Sedangkan ortu tipe tiga, akan memperbolehkan anaknya memfokuskan diri di bidang lukis dengan dibekali pondasi ilmu agama misal jika dalam agama islam larangan untuk menggambar makhluk bernyawa, larangan menggambar sesuatu yang berbau maksiat, dst. Sehingga anak dari awal sudah tau pakem lukisannya misal pemandangan alam, bentuk2 geometri, tumbuhan, atau sesuatu yang abstrak.

Tidak mudah memang menjadi orang tua. Tapi buahnya sepadan dengan segala kesulitan itu kan? Orang tua yang berkarakter akan membawa peluang 2 amal jariyah sekaligus, insyaAllah. Jariyah pertamanya adalah ilmu-ilmu kebaikan yang ia tanamkan kepada anaknya sehingga anaknya bisa berkreasi tanpa menabrak syariat agama, dan bahkan sangat mungkin justru hasil kreativitasnya bisa menjadi wasilah dakwah dan jalan hidayah.

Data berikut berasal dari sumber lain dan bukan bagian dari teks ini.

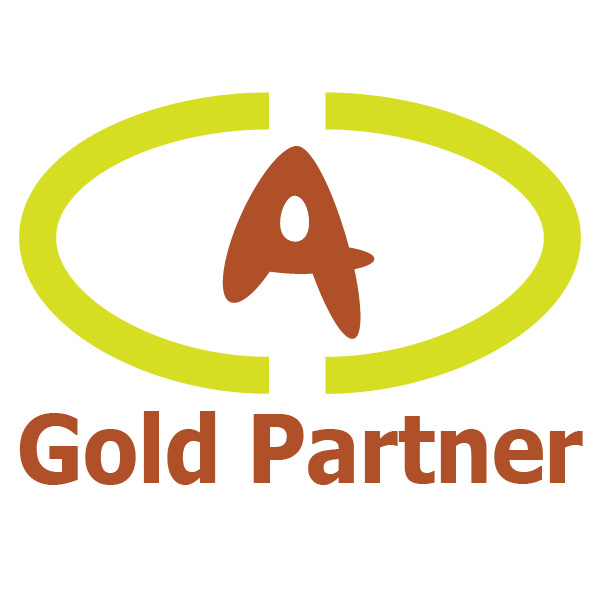 axaio Gold Partner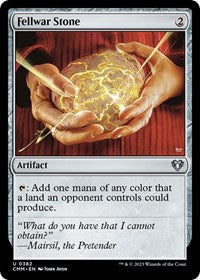 Fellwar Stone (382) [Commander Masters]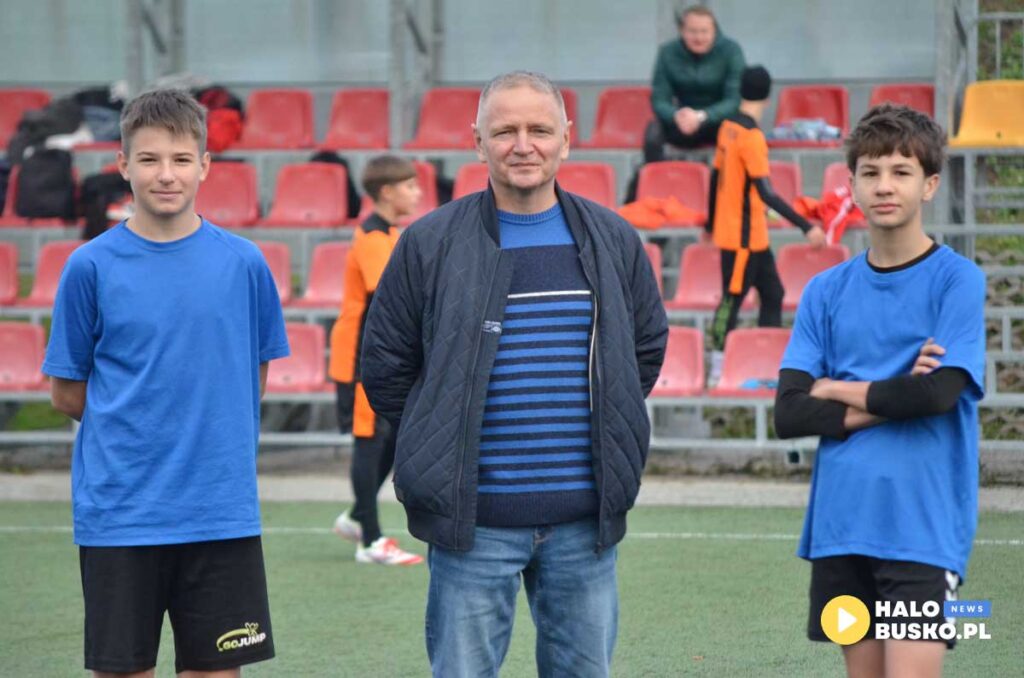 z orlika na stadion busko zdroj 2025 zdjecia 06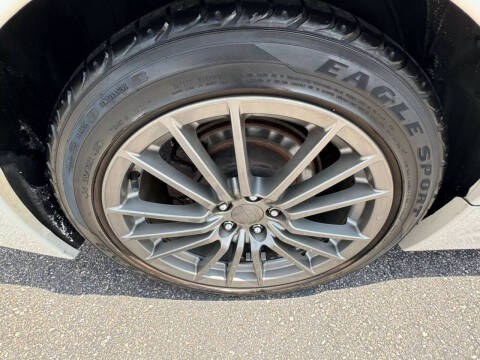 2014 Subaru Impreza WRX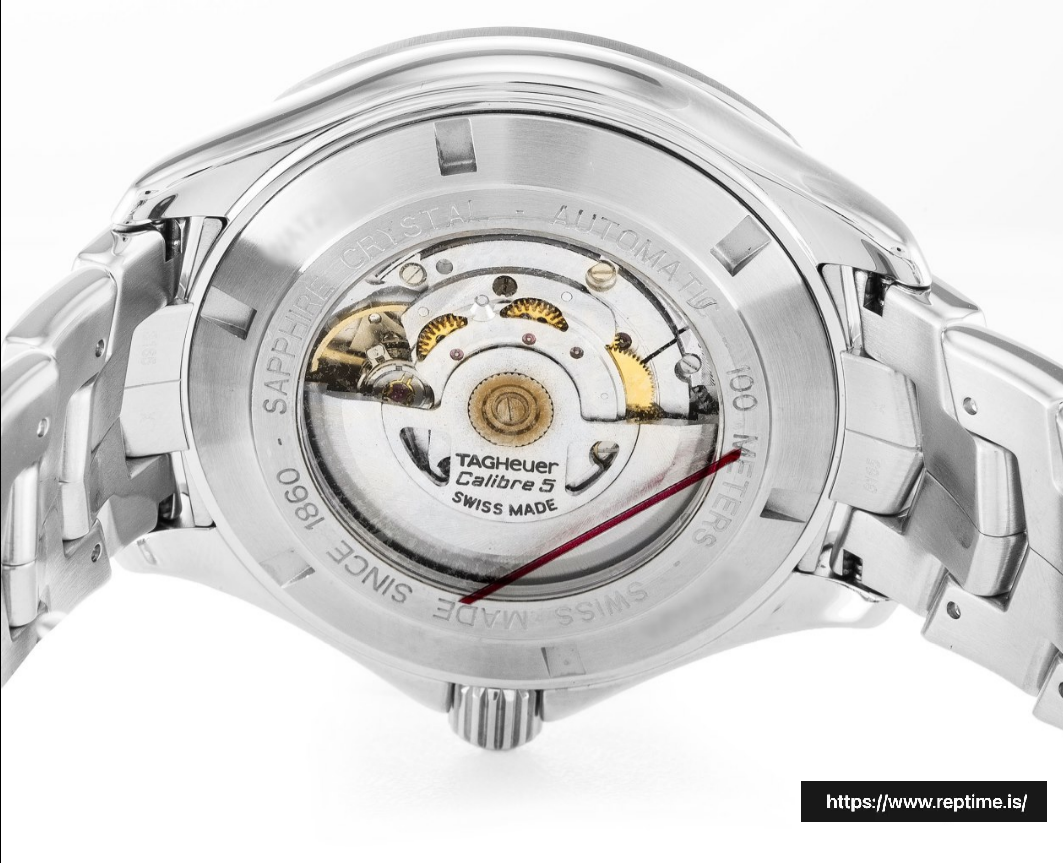 Tag Heuer Link WAT2010.BA0951 Men Automatic 42 MM - gallery
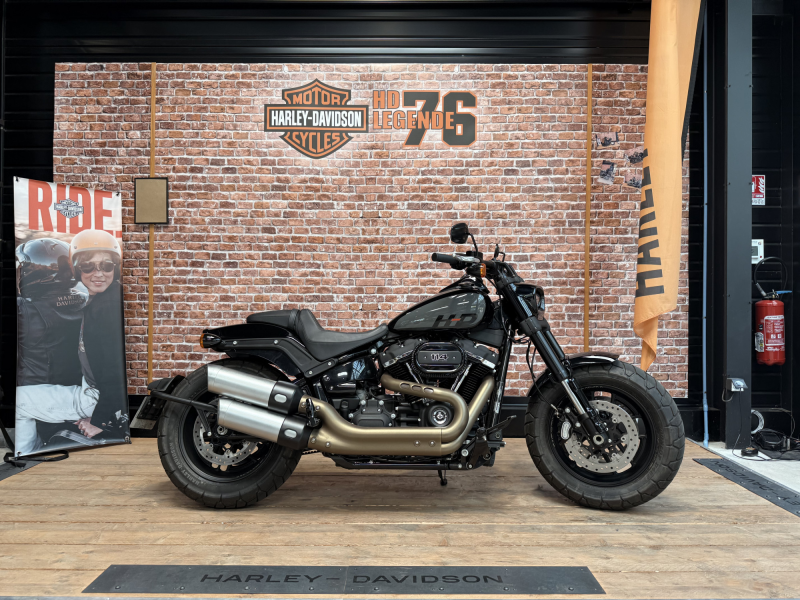 HARLEY DAVIDSON SOFTAIL FAT BOB 1868 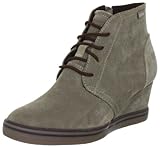 ESPRIT Lexa Lu Bootie I13045, Damen Fashion Halbstiefel & Stiefeletten, Beige (taupe 238), EU 39
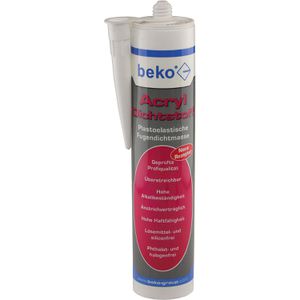 Maleracryl Beko 230300, weiß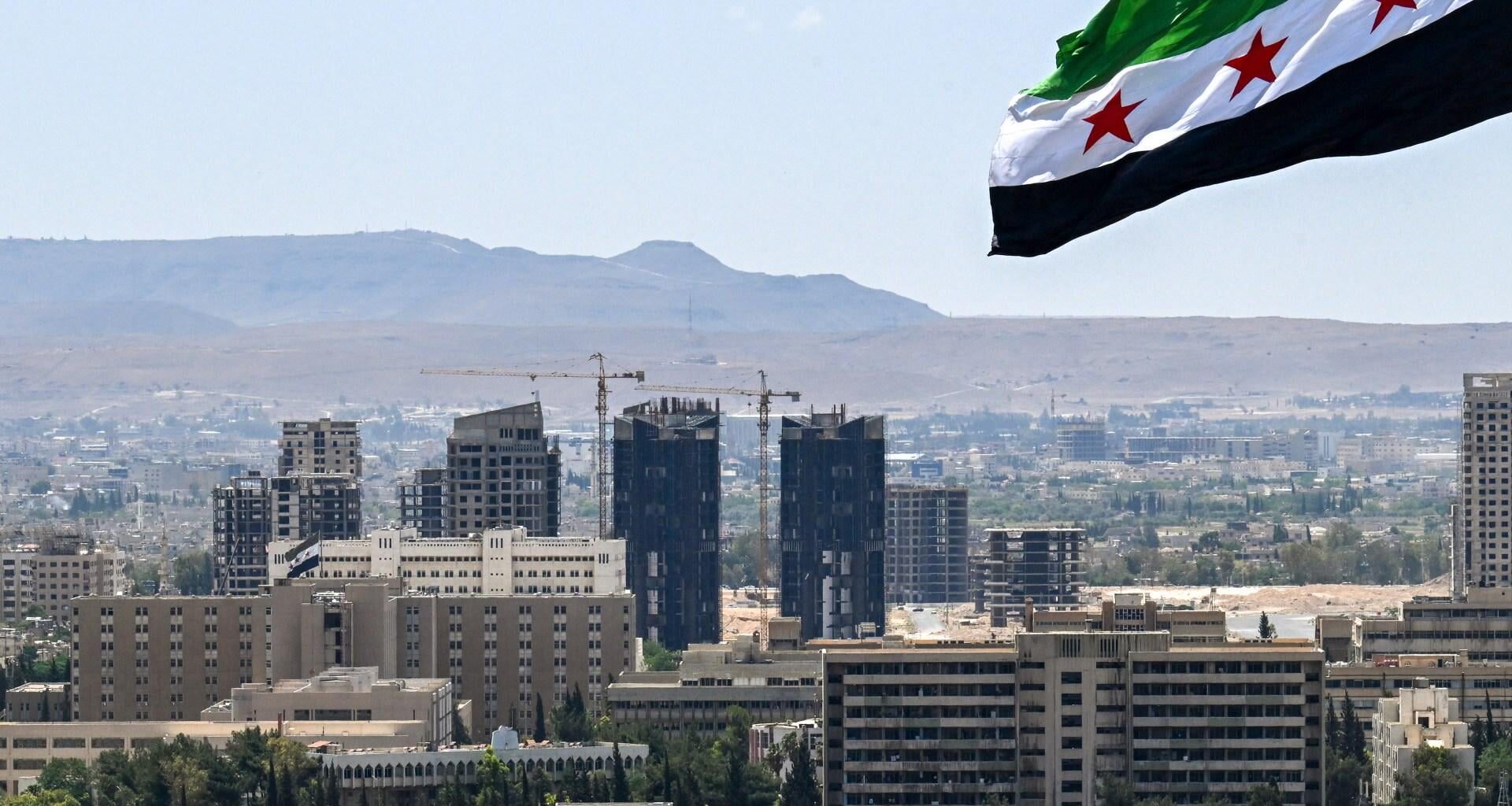 Israel strikes Syria again, claims to have killed alleged Hamas member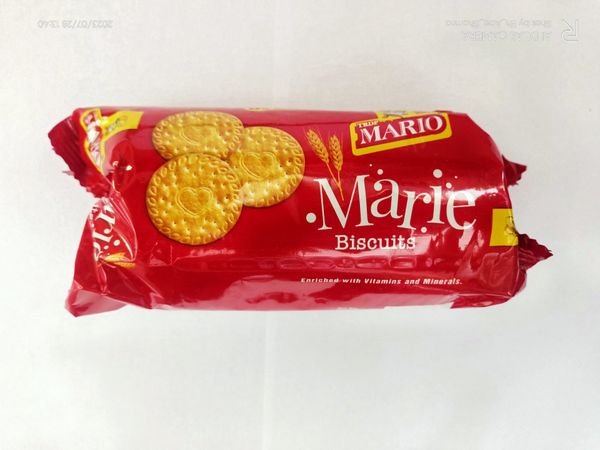Mario Marie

Peluang jariyah yang kedua adalah doa anak shalih kepadanya. Karena orangtua berhasil menjadi mentor yang menumbuhkan dan kawan yang setia, sehingga anak telah terpaut hati dan jiwanya kepada ortunya. Darinya tanpa diminta, termunajatkan doa-doa terbaik untuk kedua orangtuanya. Bukan karena sekadar kewajiban, tapi doa tulus yang bersumber dari rasa cinta.

Semoga kita bisa menjadi orangtua berkarakter, yang bisa memberikan rangsangan yang tepat untuk tumbuh dan berkembangnya kreativitas anak yang dapat dipertanggungjawabkan di dunia dan di akhirat.

Aamiin Allahumma Aamiin..

Sumber:

Al-faqir fii sabilillah, renungan pribadi.